Dalam praktek antara janji politik dengan kebijakan publik persoalannya tidak sesederhana yang dibayangkan. Ada sekian banyak variabel yang menyebabkan kesan garis lurus dari the saliency theory dan ketiga model tersebut. Namun, idealnya tidak terlalu jauh menyimpang dari realitasnya.

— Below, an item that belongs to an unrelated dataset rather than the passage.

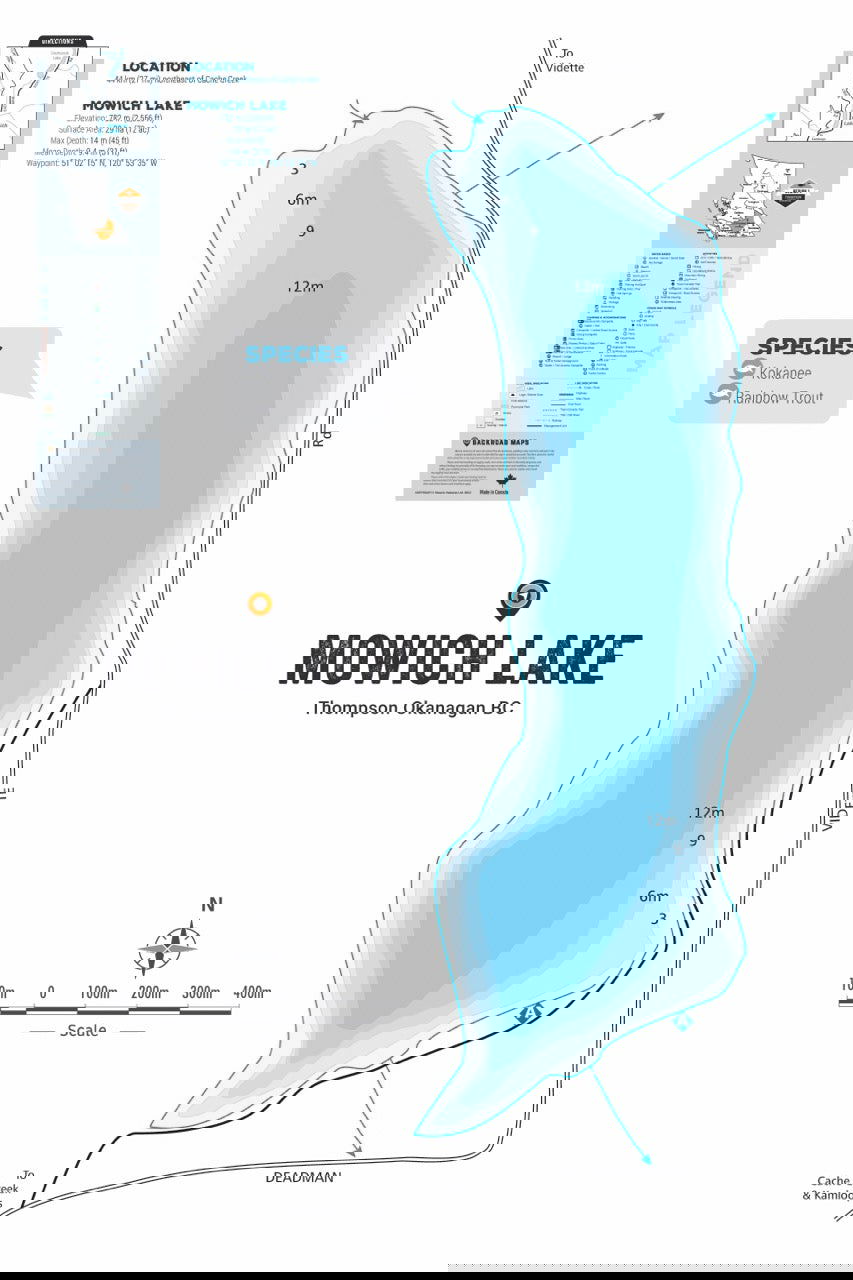 FTOBC136 Mowich Lake - Wall Map - Backroad Maps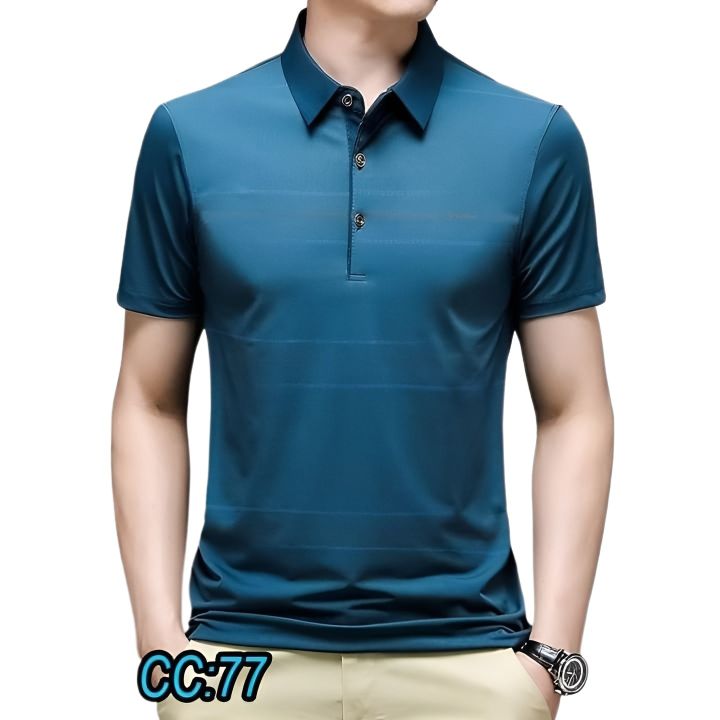 Men's%20Blue%20Color%20Chaina%20Exclusive%20Short%20Sleeve%20Polo%20-Shirt%20.%20-%20Image%204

Melihat kompleksitas permasalahan yang dihadapi salah satu faktor penting dalam menentukan keberhasilan daerah adalah leadership kepala daerah yang diukur dari tiga hal, yaitu integritasnya (bebas KKN) inovasinya berupa terobosan yang akan dilakukan serta kemampuan manajerial yang baik untuk mengelola birokrat memiliki integritas tinggi.
Untuk mencapai posisi tersebut, jadilah pemimpin yang amanah dan terpercaya. Pemimpin tidak bermetamorfosa menjadi penjual obat di pinggir jalan yang menawarkan obat tanpa bermerek. Pemimpin mesti menunaikan janjinya karena itulah jalan memperoleh kemuliaan di hadapan masyarakat dan Tuhan. Inilah sesungguhnya tanggung jawab pemimpin usai helatan pilkada.